2008년 6월 25일 수요일

neoneoclassicalism

sometimes I just want to do something silli, man! (wow metasilliness)

has anyone else noticed how augustan our time is? we’ve got ourselves a large, powerful empire flexing its muscles, in which much poetry is created with conscious artifice (of course, this is more an attitude thing; it takes as much work, perhaps more, to construct poetry that looks natural or organic), a sense of the importance of community, and the poetic appropriation of other discourses. much as pope improved homer and virgil, poets like flarfists today improve google and other discourses. sometimes this is done in high seriousness, like some of those working in “language” poetry’s wake, while at others in a satirical vein that swift wouldn’t have been too upset about.

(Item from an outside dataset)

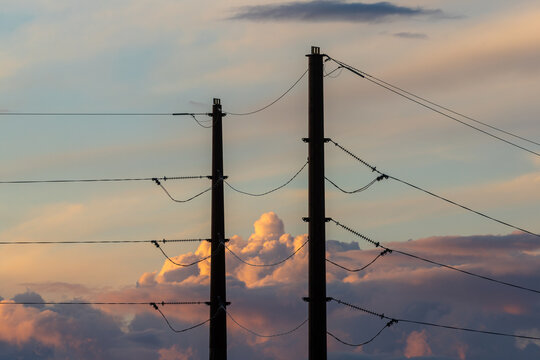 Beautiful dramatic sunset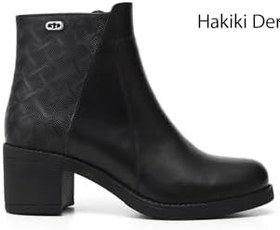 Resim GÖNDERİR Kadın Fermuarlı Kalın Topuklu Hakiki Deri Bot DKZB02842370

people talk about “formalism” as if there could be such a thing as formless poetry, but it is the foregrounding of form and associated linguistic devices in a lot of contemporary poetry (I’m thinking of recent poetry's creations of new forms; e.g. hejinian’s My Life; tranter’s haquiris; or those hay(na)kus, sure they're generally not hard forms to write within, but then again, after pope hit his heroic straps, I’m sure it wasn’t that difficult for him to turn out couplet after couplet) that makes me think of the augustan mode. if there’s anything like a little relevance in what I’m saying, why are important and wonderful poets like alexander pope generally still overlooked in favour of the romantics and modernists? is it our fear of obvious, regular rhyme? does it just sound too childish or monotonous for us?

rhyme is still important to so much poetry being written today. even the most minimal stuff, like saroyam’s lighght, utilises and plays off this ancient poetic device. other old things like this are just as important. perhaps a.d hope was right in saying (in his great little essay, "the discursive mode") that we just can’t hear the beautiful, supple, baroque music in the heroic couplet form as well as the Augustans themselves could. the infinite variation caused by slightly different placings of the caesura, the amazing tension caused when syntax is pushed against the balance imposed by the couplet; all this isn’t simple or boring. I think we’re living in quite an augustan age, and maybe it’d be good for us to look more at – engage and sometimes maybe even enjoy what those poets were doing back then.